Serges Maurice Mabiala, ancien ministre et par ailleurs, ancien Directeur de Cabinet adjoint du Président de la République découvre, depuis peu la triste et dure réalité carcérale. Une première dans l’histoire du pays ! Cette incarcération est-elle un simple feu de paille ? Sonne-t-elle la fin de l’ère de l’impunité, longtemps cultivée dans l’Administration gabonaise ? Ou simplement d’un règlement de compte ? Analyse.

Il est difficile de ne pas voir dans l’incarcération de Serges Maurice Mabiala, membre du Bureau Politique du « parti de masse », un coup bas, politico-politicien, interne au Parti Démocratique Gabonais. Sinon, comment comprendre, ce dépoussiérage tardif des dossiers compromettants ? Ce proche d’Alexandre Barro Chambrier, chef de file de « Héritage & Modernité », paye, très certainement, pour l’insubordination de ses camarades « frondeurs ». L’étalage sur la place publique de linge sale du PDG, n’a pas été bien perçu par la tête de cette formation politique et d’autres membres influents. « A la guerre, comme à la guerre » dit la maxime, il fallait s’attendre à une guéguerre intestine. Ne dit-on pas qu’ « en politique tous les coups sont permis ». Appartenant à une communauté ethnique minoritaire et n’ayant pas de gros soutiens politico-social, Serges Maurice Mabiala, apparait comme une parfaite victime expiatoire. A cela s’ajoute la « controversée » Prime d’Incitation à la Performance, la PIP, dont il en est le concepteur. La mise en musique de cette réforme a été, bien, fastidieuse et son payement donne du tournis aux régies financières, surtout avec cette chute vertigineuse du prix du baril de pétrole.

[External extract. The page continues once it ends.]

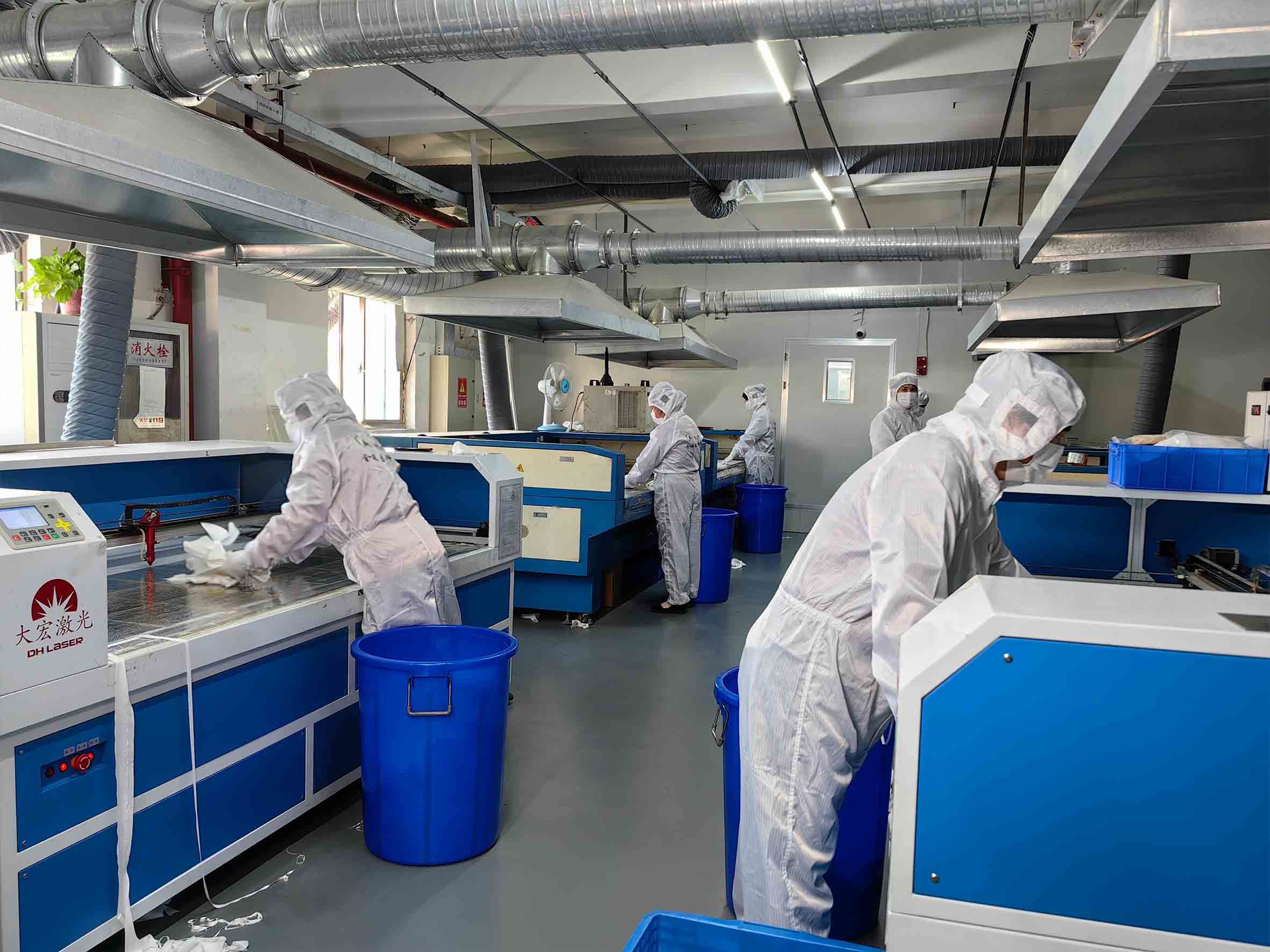 China Factory - Suzhou Quanjuda Purification Technology Co., LTD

Arrestation de Mabiala : oui, mais …

Dans le fond, il est indiscutable d’écrouer tout « criminel économique » s’illustrant dans le détournement des deniers public, à la seule et unique condition que la justice soit la même pour tous. Une justice à deux vitesses ne saurait exister dans un pays, aspirant à atteindre l’émergence à l’horizon 2025. Et pour ce faire, les juges financiers de la Cour des Comptes et autres institutions, doivent fouiner, farfouiller et auditer également les fonctionnaires ordonnateurs de dépenses, actuellement en poste au sein de l’Administration. L’adage biblique, ne dit-il pas « qu’en toute chose, il y’a l’ivraie et le bon grain » ? De nombreux gabonais taquinent le doux rêve de voir la justice épingler les auteurs et acteurs des éléphants blancs des fêtes tournantes, sans omettre la chaine de fonctionnaires véreux et fictifs qui font perdre à l’Etat, des milliards d’espèces sonnantes et trébuchantes, depuis belle lurette.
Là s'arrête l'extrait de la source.